**Task goal:**
Below are the records; print them again exactly and omit the pictures.

(Extracted records)

--*--

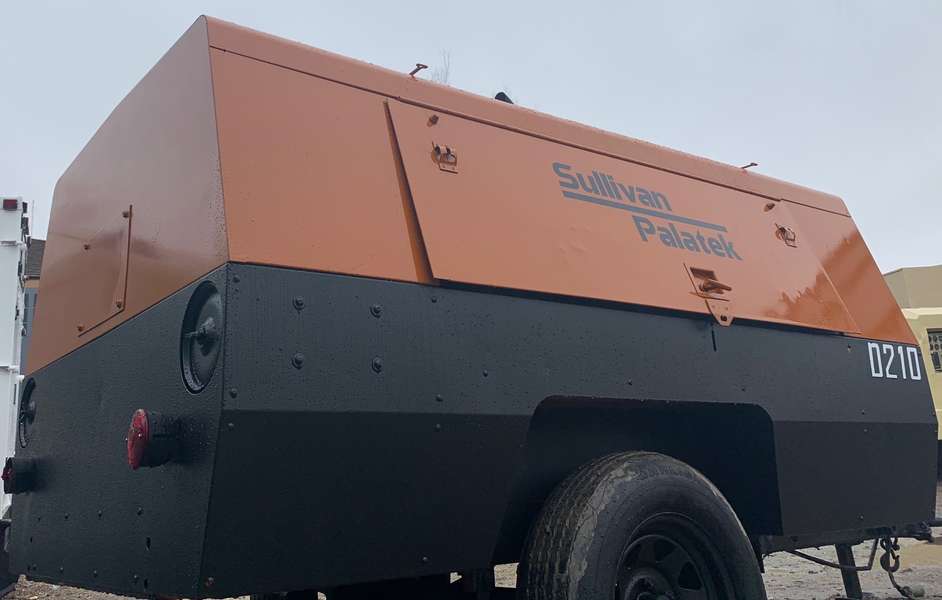 Low Hours Sullivan 210cfm Diesel Air Compressor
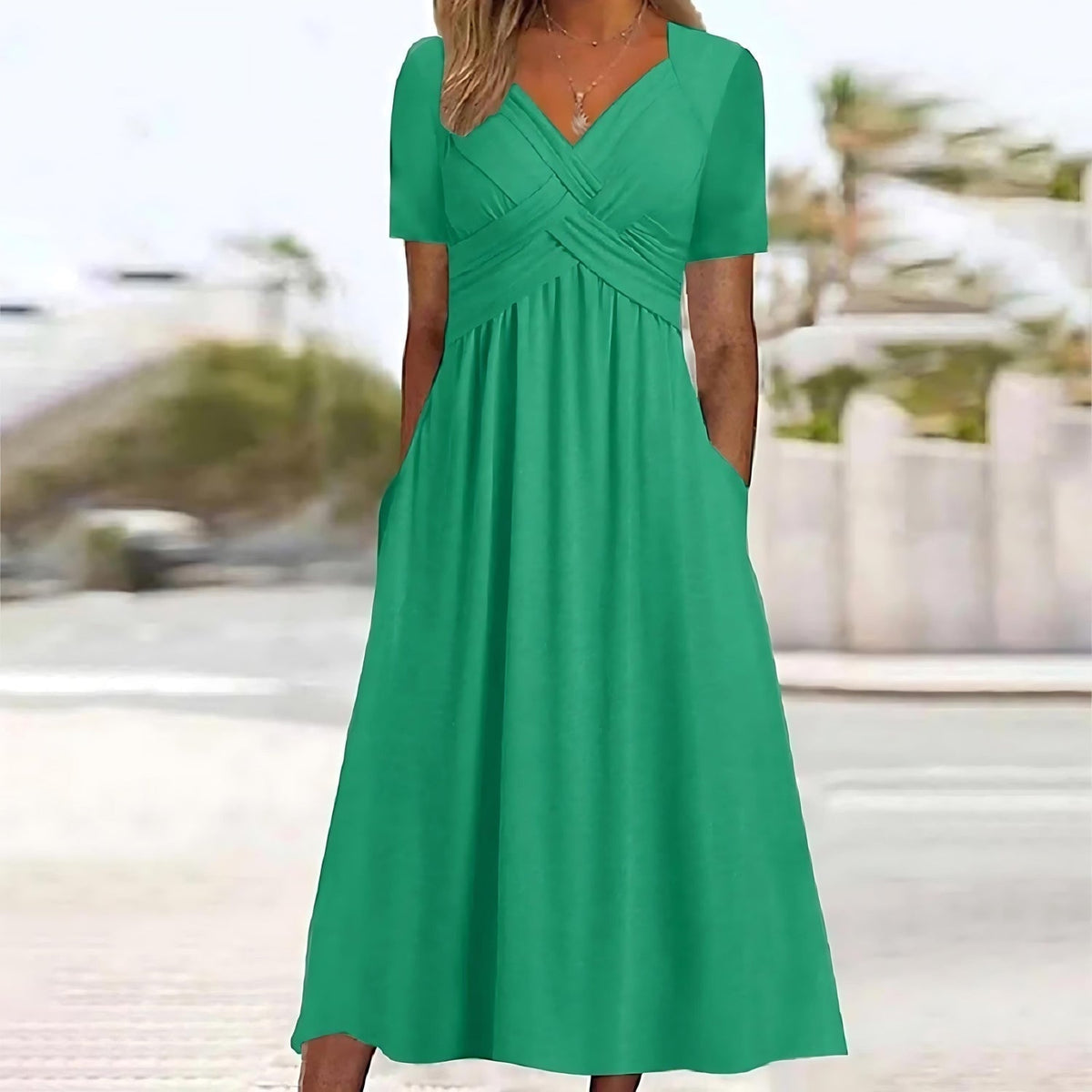 Sweetheart Neck Short Sleeve Ruched Pocket Midi Dress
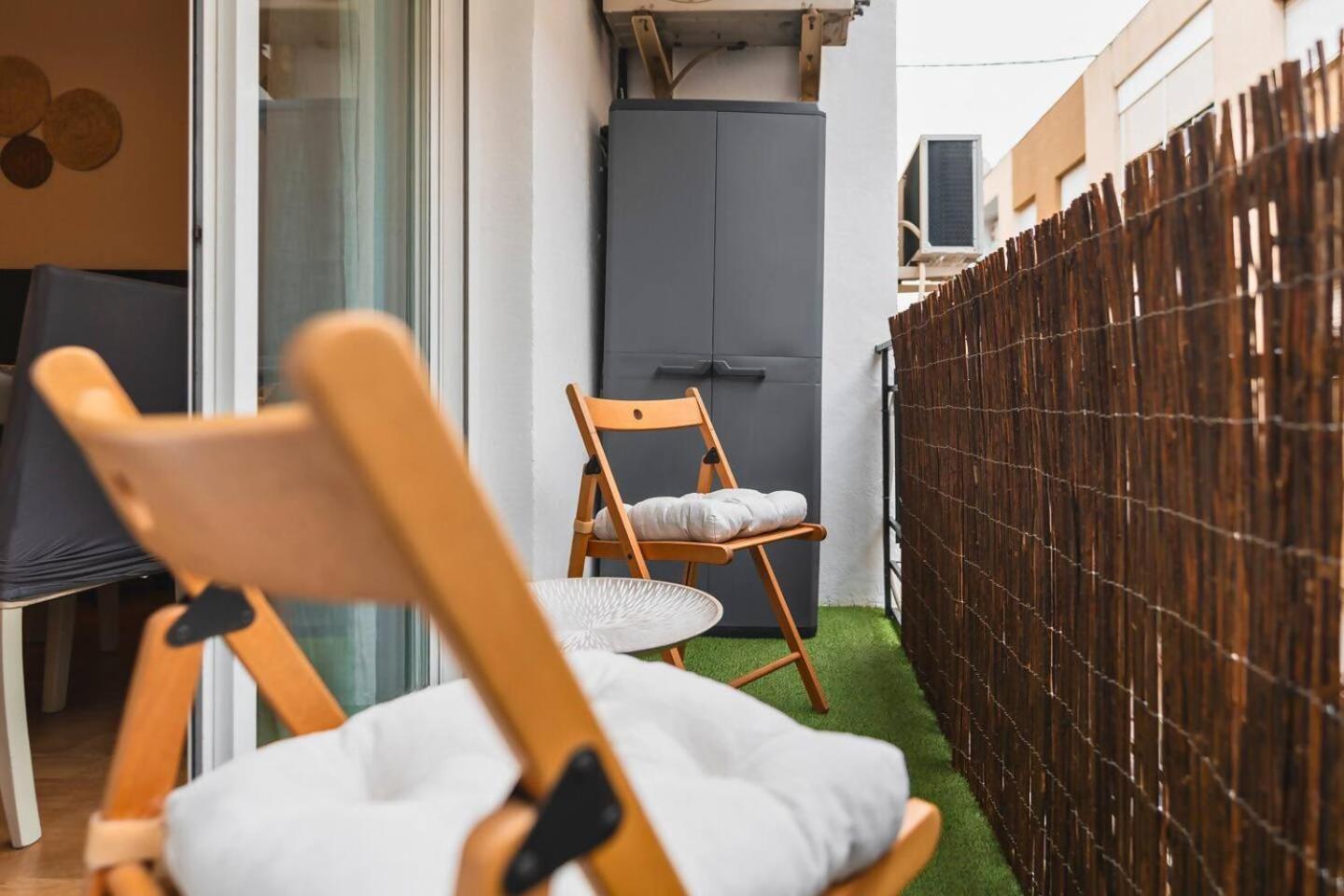 Home4u Camino De Ronda Apartamento *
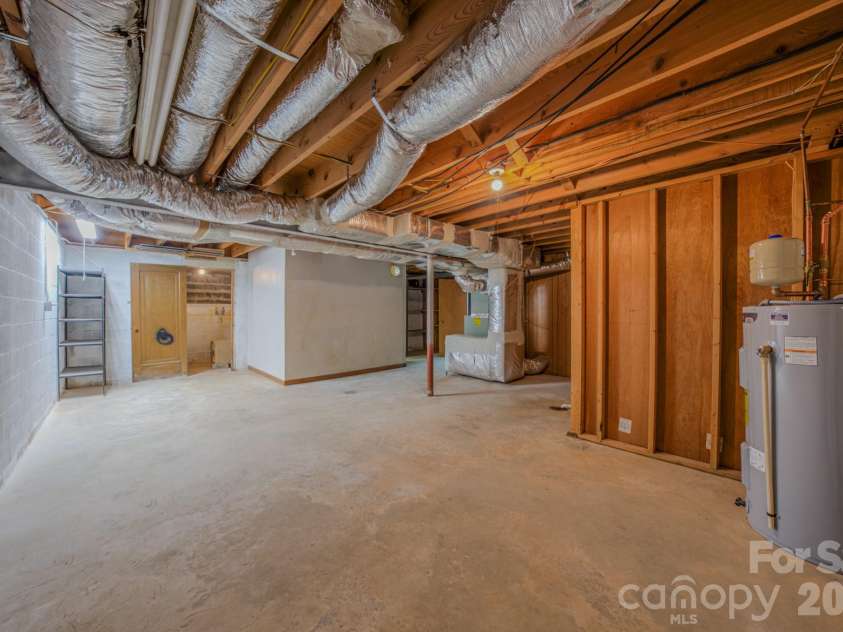 22 Tilson Trail, Asheville, NC 28805.  MLS# CAR4383997, YatesRealty ID 23680. 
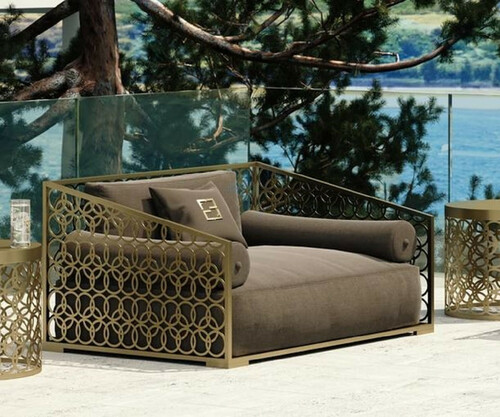 Casa Padrino Luxus Sessel Braun / Gold 135 x 109 cm - Handgefertigter Sessel mit Kissen - Wohnzimmer Sessel - Garten Sessel - Terrassen Sessel - Hotel M�bel - Luxus Qualit�t
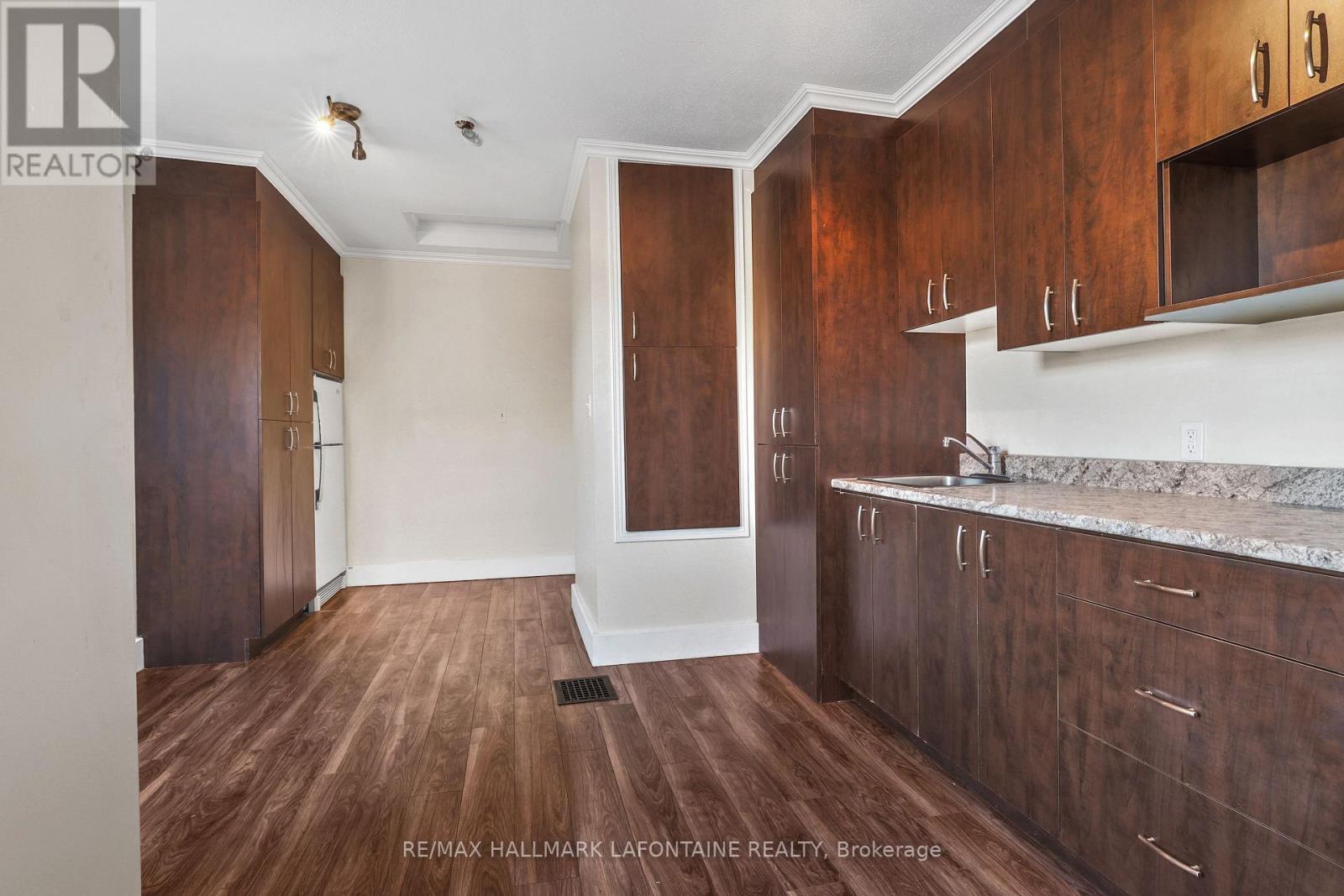 2 - 340 Mackay Street, Ottawa, Ontario  K1M 2C1 - Photo 5 - X12574656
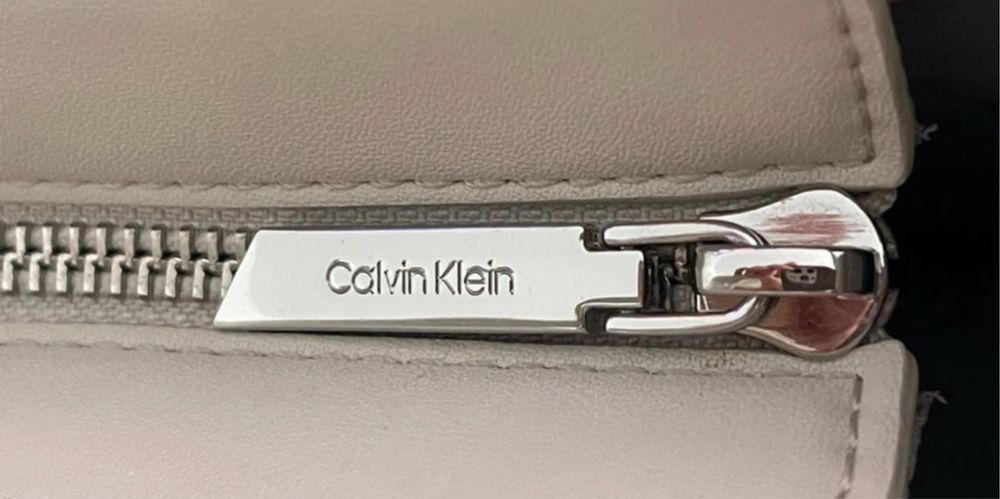 Geanta Calvin Klein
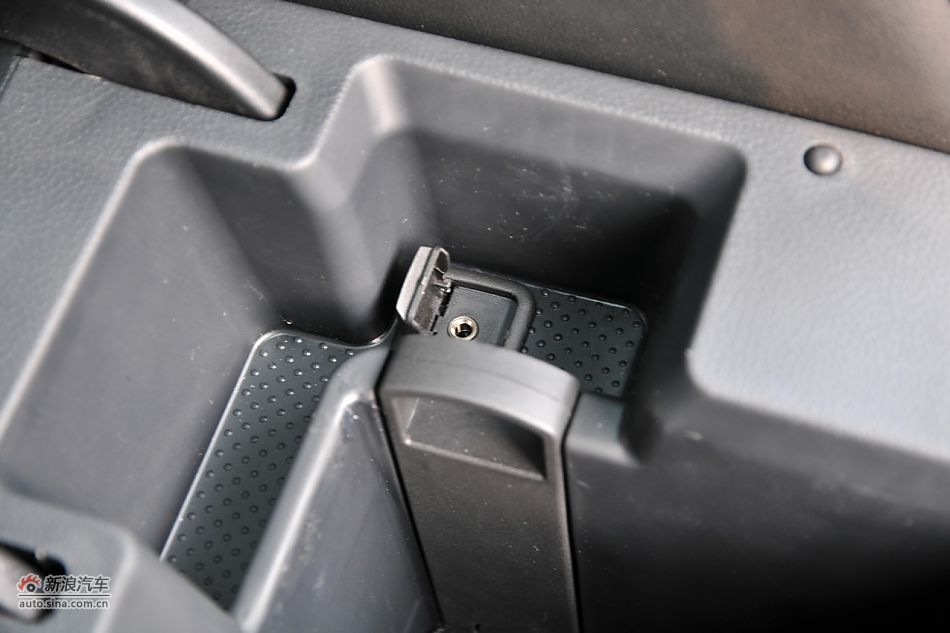 2010款明锐RS 2.0TSI+6DSG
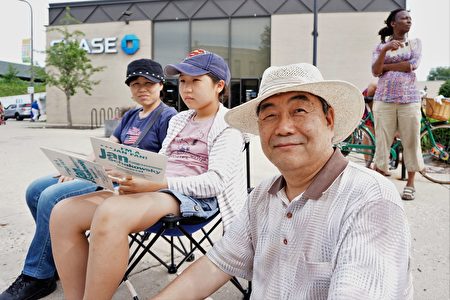 Skokie的韩裔牧师金钟声（Jacob Kim，右一）第三年来看游行。（温文清/大纪元）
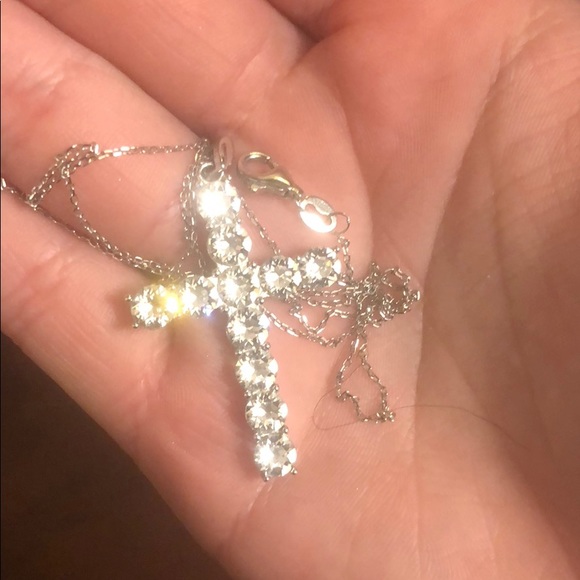Cross necklace - Picture 2 of 2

--*--

**Solution to the problem:**
 Low Hours Sullivan 210cfm Diesel Air Compressor
 Sweetheart Neck Short Sleeve Ruched Pocket Midi Dress
 Home4u Camino De Ronda Apartamento *
 22 Tilson Trail, Asheville, NC 28805.  MLS# CAR4383997, YatesRealty ID 23680. 
 Casa Padrino Luxus Sessel Braun / Gold 135 x 109 cm - Handgefertigter Sessel mit Kissen - Wohnzimmer Sessel - Garten Sessel - Terrassen Sessel - Hotel M�bel - Luxus Qualit�t
 2 - 340 Mackay Street, Ottawa, Ontario  K1M 2C1 - Photo 5 - X12574656
 Geanta Calvin Klein
 2010款明锐RS 2.0TSI+6DSG
 Skokie的韩裔牧师金钟声（Jacob Kim，右一）第三年来看游行。（温文清/大纪元）
Cross necklace - Picture 2 of 2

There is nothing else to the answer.